Artikel verfasst von Frank Joung

Sondi Binneboese ist zu DDR-Zeiten in einem Dorf in Thüringen aufgewachsen – ihre Tochter Joyce wurde lange nach der Wende in Berlins Westen groß. Die beiden erzählen von ihren Erfahrungen, von Großfamilien und No-Go-Areas, besonderen Momenten und Alltagsrassismus – und: warum Joyces kamerunischer Großvater lieber in seine Heimat zurückkehrt statt in einem deutschen Altersheim zu leben.

Sondi Binneboese hat einen kamerunischen Vater und eine deutsche Mutter. Die 54-Jährige ist in einem kleinen Ort in der Nähe von Jena aufgewachsen. Zum Musikunterricht durfte sie „in die Stadt fahren“. Sie erinnert sich gerne an ihre Kindheit und Jugend in Ostdeutschland, wo sie ein „ganz normales deutsches Leben führte“.

„Viele haben einen falschen Eindruck. Meine Jugend war so leicht und unbedarft. Ich habe nicht ein rassistisches Wort zu hören bekommen, solange ich da gelebt habe. Nicht ein einziges. Niemals.“ (Sondi)

Mit 18 geht Sondi nach (Ost-) Berlin, später stellt sie einen Ausreiseantrag in den Westen, der nach drei Jahren endlich genehmigt wird. Sie reist aus – zu ihrem Vater, der bereits in West-Berlin wohnt. Kurz danach fällt die Mauer. In der Nacht des 9. November 1989, als Tausende Ostberliner durch die geöffneten Grenzen nach West-Berlin strömen, arbeitet Sondi im KDW. Nach Feierabend fährt sie in den Osten der Stadt und klingelt „Oma Almuth und Opa Lutz“ aus dem Schlaf.

Selbe Stadt, andere Welt

Sondis Tochter Joyce hat eine andere Welt kennengelernt. Sie ist in Westberlin geboren und aufgewachsen und kennt die DDR nur aus Erzählungen. Die 26-Jährige war aber ebenso eingebunden in die deutsch-afrikanische Patchwork-Großfamilie, so wie ihre Mutter es schon war. „Ich habe immer gesagt: Ich habe sechs Omas.“

Als Kind wächst sie in einem multikulturellen Umfeld auf und geht in eine fortschrittlich integrative Schule. Bei Sportfecht-Turnieren in anderen Orten des Landes und der Stadt erfährt sie, dass es nicht überall so bunt und tolerant zugeht wie in ihrem Zehlendorfer Kiez. Einmal drückt ein Erwachsener eine brennende Zigarette auf ihrem Oberarm aus, da war sie noch ein Kind. „Das war eindeutig Absicht“, sagt sie. Auch heute noch gibt es für Joyce gewisse No-Go-Areas oder Orte, die sie lieber meidet.

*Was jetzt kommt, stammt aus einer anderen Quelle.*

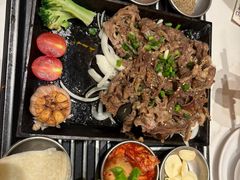 -七八冷面·延边朝鲜族美食(世纪汇店)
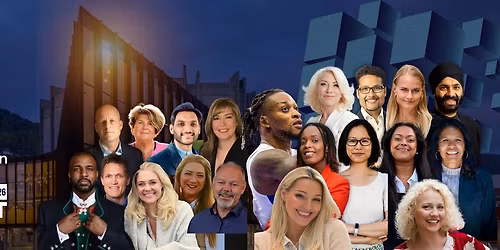 UNITY SUMMIT 2026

Nach dem Abi übernimmt sie mit einer Freundin die Mode-Boutique „Wald Berlin“, für die sie auch eigene Kollektionen entwirft. Dazu arbeitet sie als Co-Captain der Adidas Runners. Der Terminkalender ist immer voll. „Ich kann mich nur schwer bremsen“, sagt Joyce. Dazu passt auch, dass sie leidenschaftlich gerne Marathon läuft. Auf dem Plan für dieses Jahr stehen: Berlin, Frankfurt und Sierra Leone.

Die erste Reise nach Kamerun

Im Oktober dieses Jahres erfüllen sich Joyce und Sondi einen langgehegten Traum: Sie reisen gemeinsam nach Kamerun – für beide wird es das erste Mal sein. „Das fühlt sich jetzt genau richtig an, dass ich das mit meiner Mama und meiner Tante zusammen mache“, sagt Joyce.

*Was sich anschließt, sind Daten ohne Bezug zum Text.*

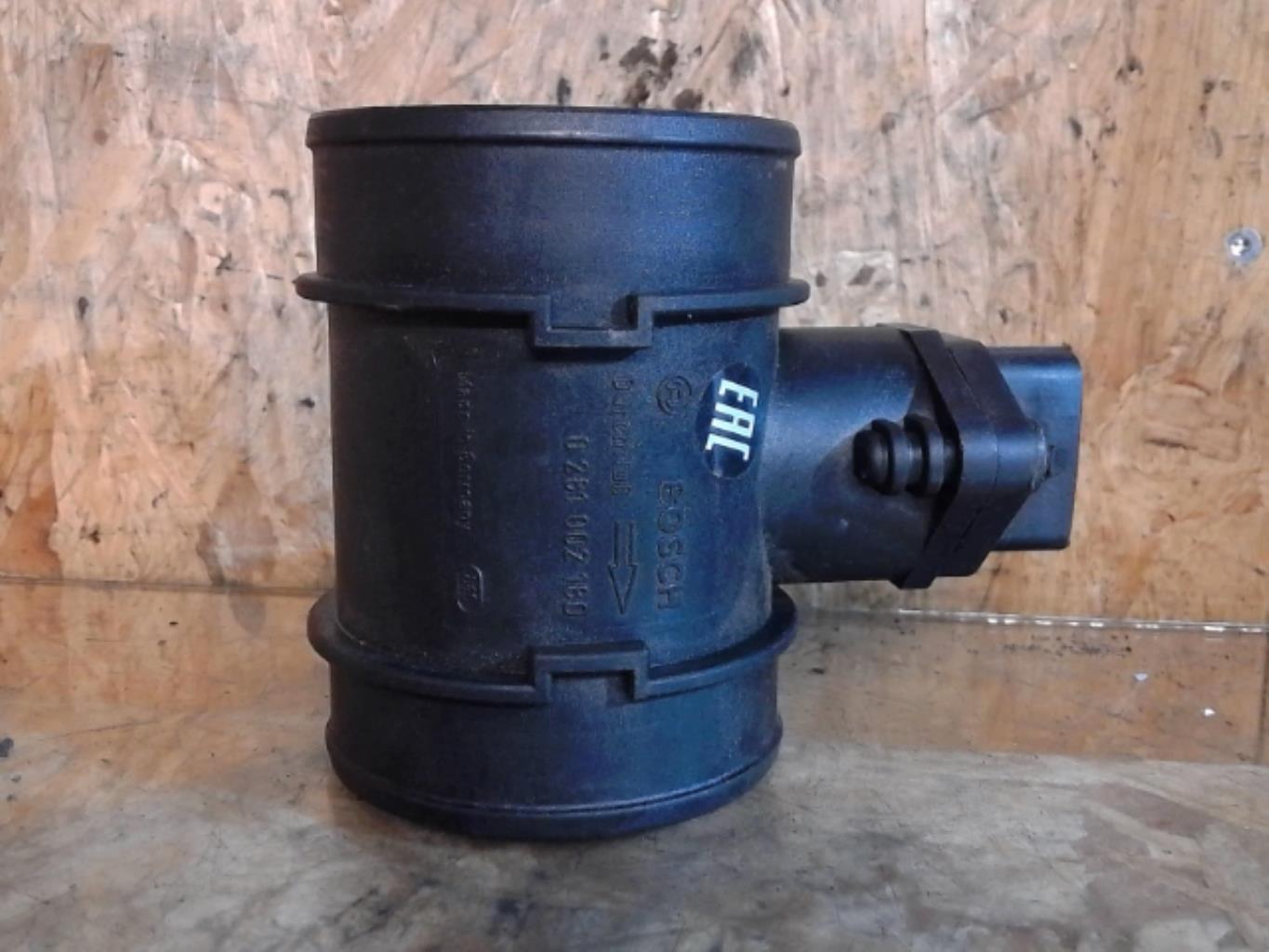 Debitmetre OPEL CORSA C PHASE 1 Diesel - 1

Sie besuchen Sondis Vater, den es mit 82 Jahren wieder in seine afrikanische Heimat zieht. „Er fühlt sich nicht mehr wohl hier so allein in Berlin. Er möchte nach Hause“, sagt Sondi. Was auch daran liegt, dass er im Altersheim lebt und sich nicht mehr so integriert fühlt – zumal er dort der einzige „Ausländer“ sei, berichten beide. Das Essen in der Pflege-Einrichtung ist anscheinend auch kein Grund, in Deutschland zu bleiben.

„Ich sag mal so: Ein Hühnerfrikassee im Altersheim reißt meinen (kamerunischen) Opa nicht gerade vom Hocker“ (Joyce)

Weitere Themen: Marathon, Schwarz oder Farbig?, „Mischie“-Treffen etc.